また、「国からの交付税措置」についても、具体的にどのような財源から、どの程度の支援が見込めるのか、その詳細が不明確なままでは、京都府・京都市が抱える財政負担への根本的な解消には繋がらないかもしれません。そもそも、5兆5000億円という総工費自体も、今後の計画進捗によって変動する可能性があり、試算の前提条件そのものが流動的であることも指摘しておかなければなりません。
「桂川案」推進の背景と保守的視点
京都府・京都市が、前原議員の試算を受けて直ちに負担を受け入れられる状態にあるとは考えにくいでしょう。両自治体が懸念を示しているのは、単なる金額の大小だけでなく、将来にわたって持続可能な財政運営ができるのかという点にあります。新幹線の建設・維持には莫大なコストがかかり、開業後の収支が計画通りに進む保証はありません。

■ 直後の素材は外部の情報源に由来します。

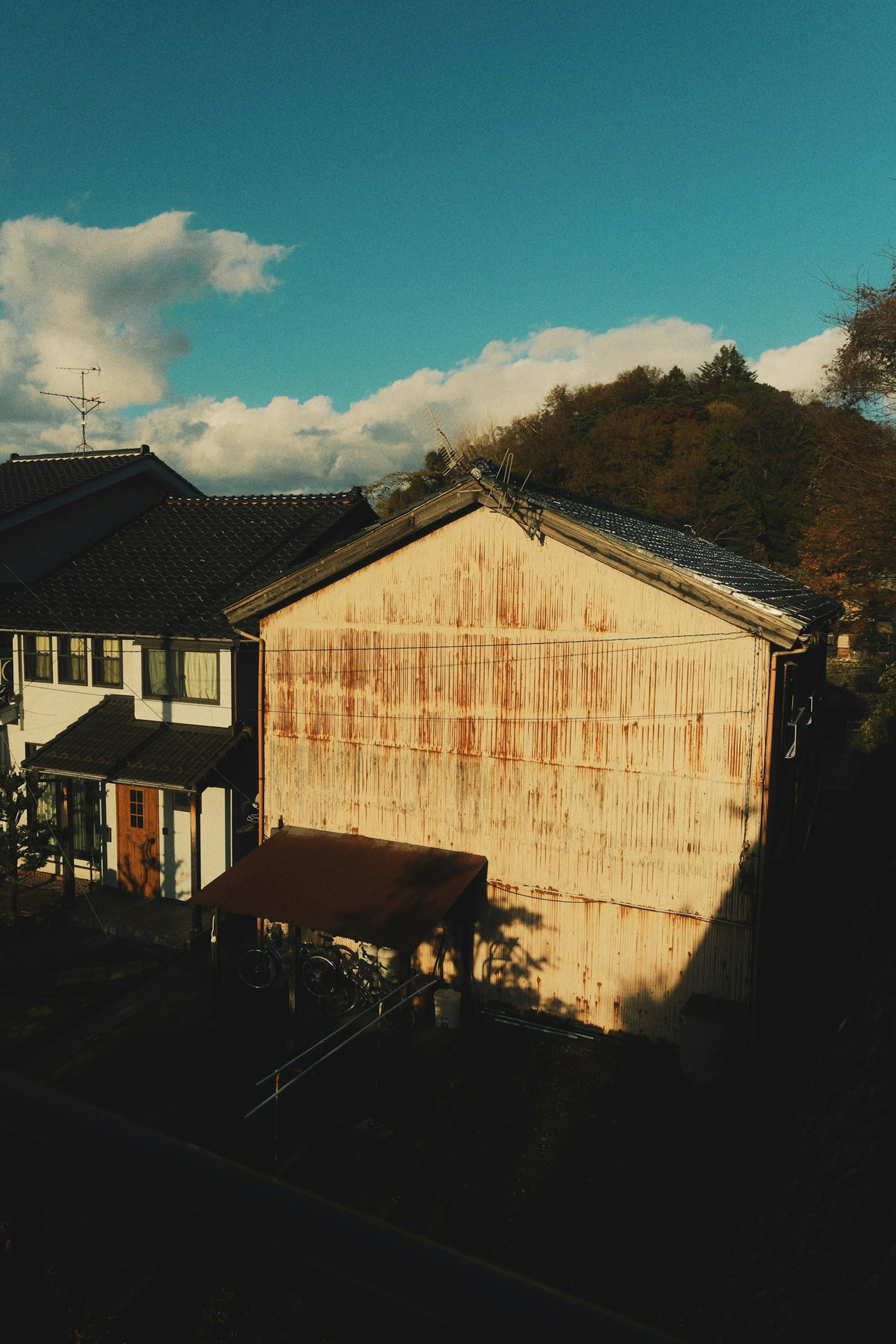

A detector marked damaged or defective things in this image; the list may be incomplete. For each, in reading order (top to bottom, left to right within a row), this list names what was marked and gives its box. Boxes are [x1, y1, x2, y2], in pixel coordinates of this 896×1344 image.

特に、リニア中央新幹線計画など、他に巨額のインフラ投資が控える中で、整備新幹線へのさらなる財政投入が地域経済の活性化に本当に繋がるのか、その費用対効果を冷静に見極める必要があります。保守的な立場からは、安易な大型公共事業への賛同は、将来世代への負担増に繋がりかねず、財政規律の観点からも慎重な判断が不可欠です。
JRへの負担集中は、結果的に運賃の値上げやサービス低下を招き、地域住民の生活に悪影響を与える可能性も否定できません。北陸新幹線延伸計画においては、財政的な側面だけでなく、環境への影響や住民生活への配慮、そして何よりも事業の持続可能性を多角的に検証し、国民全体の理解を得られるような透明性の高い議論を進めることが求められます。
まとめ
- 北陸新幹線敦賀―新大阪間延伸で、前原誠司衆院議員が「桂川案」の負担軽減策として、JR負担75%なら京都府市負担は各1%未満との試算を提示しました。
- 総工費5.5兆円想定で、府市負担は年間約20億円規模とし、財政懸念の払拭を目指しています。
- しかし、JRへの過度な負担転嫁の可能性や、交付税措置の詳細、総工費の不確実性など、試算の前提条件には疑問点も残ります。